WHAT TO PRODUCE - Print out the data that follows exactly, character for character, apart from the pictures.

=== Section Start ===

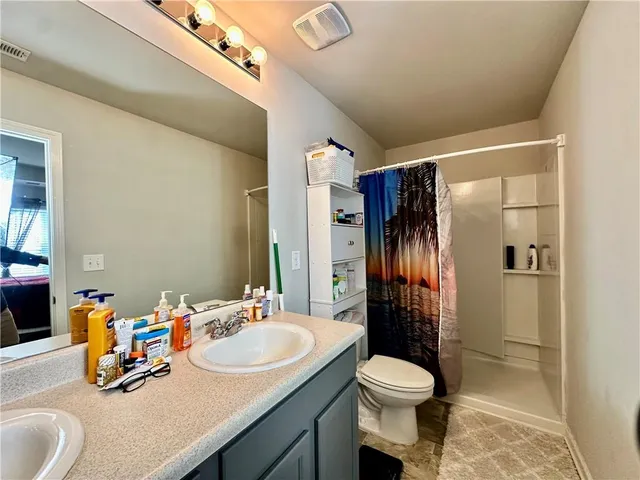 $235,000 | 2513 Piering Drive, Unit 50, Lithonia, GA 30038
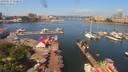 ./images/victoria/wharf/20190615/wharf20190615_111959.jpg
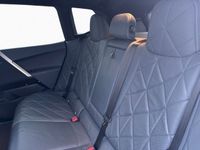 BMW iX - Vorschau Bild 13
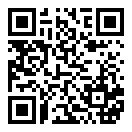 QR Code QR Code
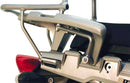 BMW R 1200 GS [2004-2012] - Armering Strut Set-1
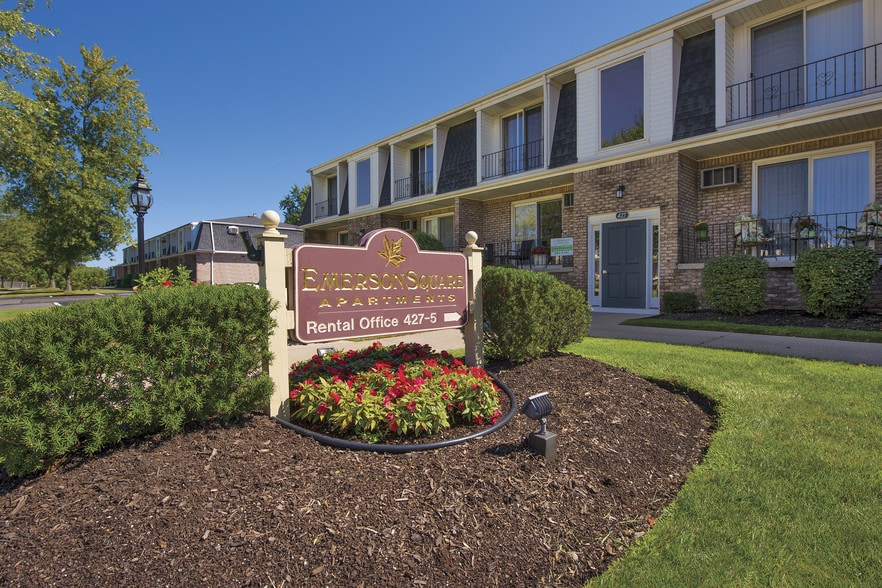 Apartments For Rent In Amherst Ny Apartments For Rent In Amherst Ny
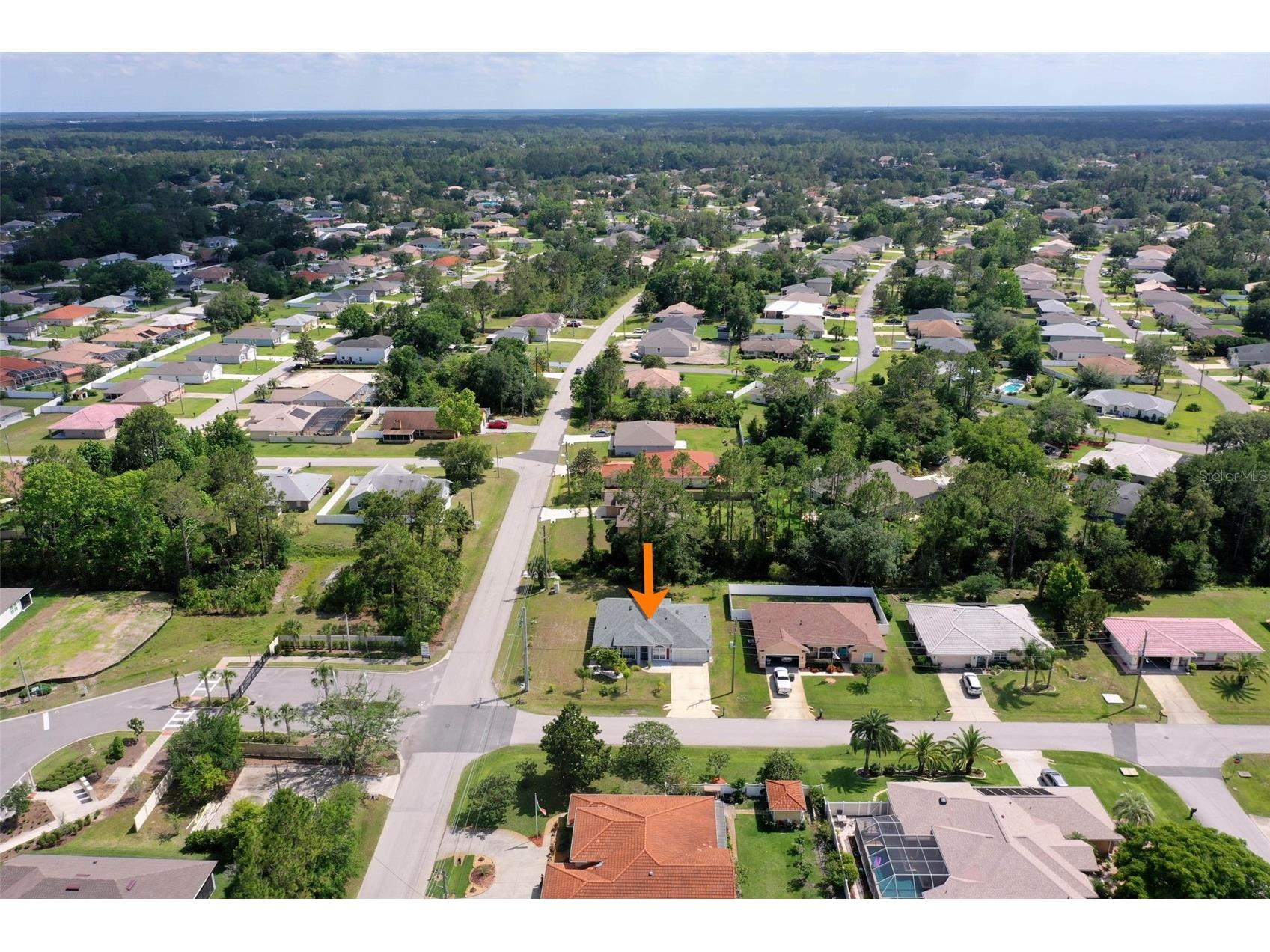 1 President Lane Palm Coast FL 32164 FC315288 image40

=== Section End ===

ANSWER AREA -
 $235,000 | 2513 Piering Drive, Unit 50, Lithonia, GA 30038
 ./images/victoria/wharf/20190615/wharf20190615_111959.jpg
 BMW iX - Vorschau Bild 13
 QR Code QR Code
 BMW R 1200 GS [2004-2012] - Armering Strut Set-1
 Apartments For Rent In Amherst Ny Apartments For Rent In Amherst Ny
 1 President Lane Palm Coast FL 32164 FC315288 image40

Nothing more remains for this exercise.